This writer had the opportunity to conduct a telephone interview Monday, April 7, 2014 with one of the Baltimore area's well-known artists.
Aquil Mizan has become a renaissance man. He is known for his poetic flow at many of Baltimore's venues, and also can be seen hustling his spoken word CDs. But Mizan has another secret. He has another artistic interest. He plays the alto saxophone, unbeknownst to many of his fans.
Aquil (meaning one wrapped up in the mind of Allah-God) Mizan (meaning the balance),started as a self-inspired poet watching sit-coms, The Jeffersons, Sanford and Son and Good Times,in which the characters played a game called 'The Dozens'.
In 1985, he began writing with consistency, after hearing Kurtis Blow's rap about 'Basketball' and composing a rap of his own about his love for football. His first poem, however, was a version of 'The Dozens'.
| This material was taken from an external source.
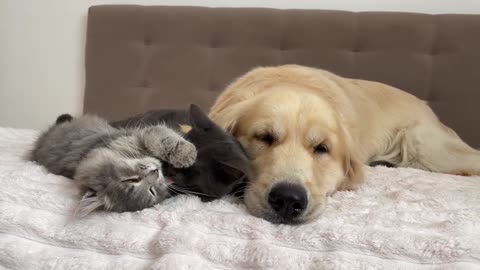 What does a Kitten do when It Finds a Golden Retriever with Another Kitten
In the late 1990's, he bought his first jazz CD, John Coltrane's 'Spiritual'. He found himself purchasing more jazz and was also introduced to the poetry scene at that time. In 2002, he released his first CD and was reintroduced to Sean Toure, whose production style was musical and Mizan found himself being drawn into the world of musical instruments. He had to decide between an upright bass and a saxophone. (Because of the ease in transporting it, the saxophone won.)
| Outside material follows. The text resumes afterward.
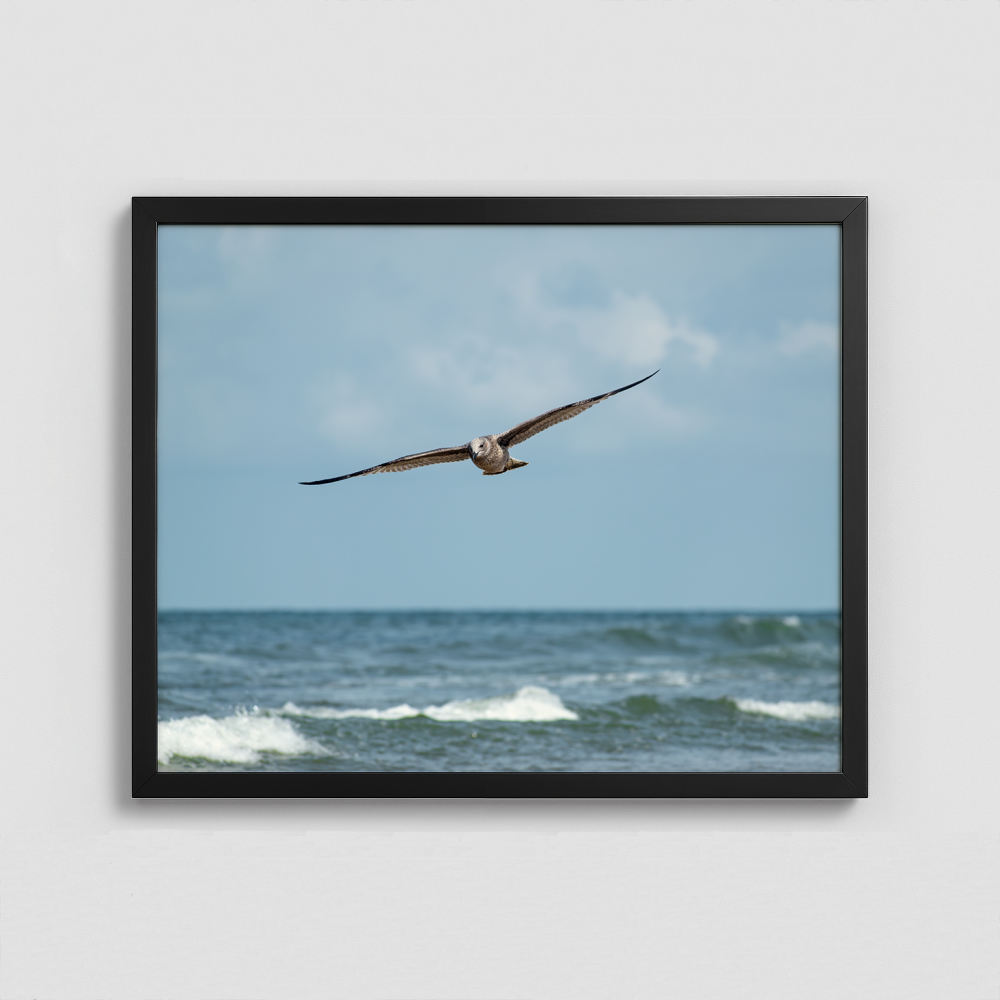 A Seagull in flight - Framed Photo (50x40cm)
Someone, eventually, gifted him with a saxophone and his love for that instrument was born.
Mizan is influenced by a lot of people including LL CooL J, Rakim, Chuck D and Public Enemy, KRS-1, Elijah Muhammad, Minister Farakhan, EthePoetEmcee, Rebecca Dupas, John Coltrane, Grover Washington, Charlie Parker, Cannonball Adderley, Smokey Robinson and Marvin Gaye. He says his poetry is reflective of these influences, but in different ways, depending upon the piece.
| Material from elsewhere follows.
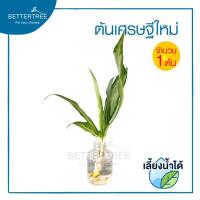 ราคา ต้นไม้เลี้ยงน้ำได้ จำนวน 1 ต้น ต้นไม้ฟอกอากาศ ต้นไม้ พลูด่าง พลู พลูด่างฟอกอากาศ ไม้น้ำ (19725061819)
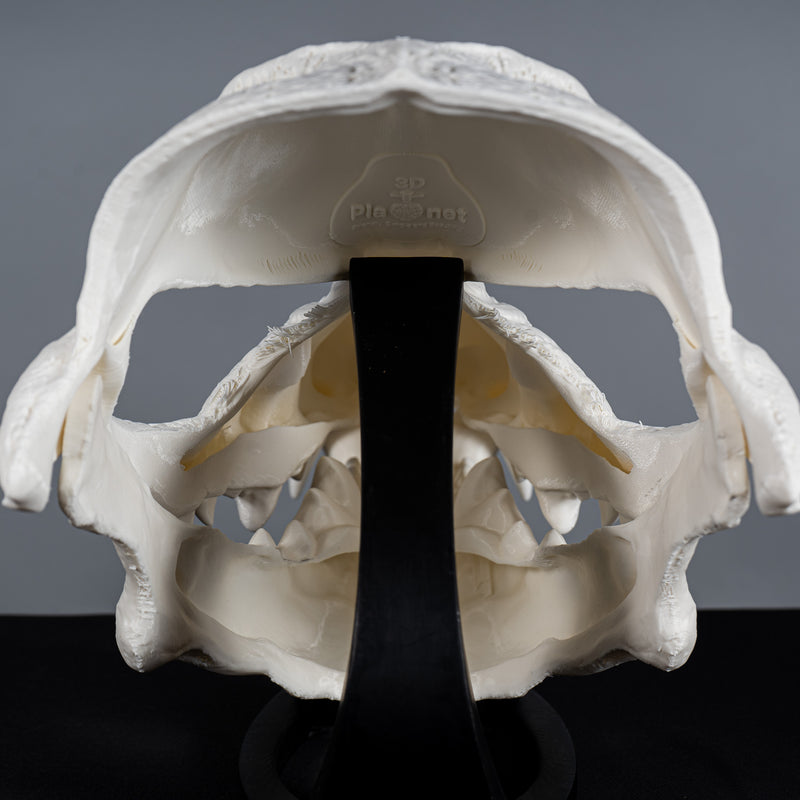 Wolf Skull Mask Raw Kit 3D Print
He has performed in Baltimore at Warm Wednesdays, Notre Maison, Barnes & Noble, Be Free Fridays, Acoustic Thursdays, VERBATIM Mondays, and also in DC at Mic Check and Spit Dat.
He has an upcoming appearance in the Baltimore area. He will feature this Thursday, April 10, 2014 at BUILD Thursdays, located at Francisco's the Artist Spot, Central and Eastern Avenues.
Mizan advises the next generation to, artistically, spend time watching and listening to that person who inspires you. Along with the external influences that teachers and mentors may require, study and learn the uniqueness of you so that you can find and finetune your own voice in whatever it is you pursue.